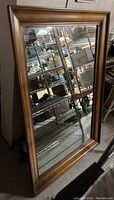 Full view of the vintage rectangular mirror with solid wood frame showing its size and condition.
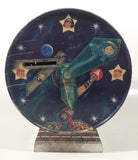 Vintage Banco Comercial Mexicano, S.A. Institucion De Deposito, Ahorro Y Fideicomiso Retro Space Age Cartoon Family and Robot Graphics with Rear Clock Hands 7 1/2" Tall Tin Metal Combination Coin Bank Safe Vault
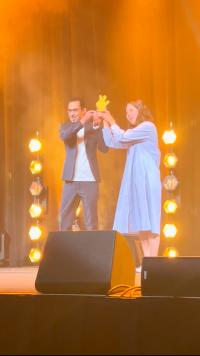 From left, graduate students Mohamed Almahdi and Ayako Hiasa hoist their Pitchfork Award at a celebration in April 2025.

(TASK GOAL): Write out exactly the lines between the start of the data and the line with "Vintage Banco Comercial", including both, but none of the pictures.

(RESPONSE BELOW):
 Full view of the vintage rectangular mirror with solid wood frame showing its size and condition.
 Vintage Banco Comercial Mexicano, S.A. Institucion De Deposito, Ahorro Y Fideicomiso Retro Space Age Cartoon Family and Robot Graphics with Rear Clock Hands 7 1/2" Tall Tin Metal Combination Coin Bank Safe Vault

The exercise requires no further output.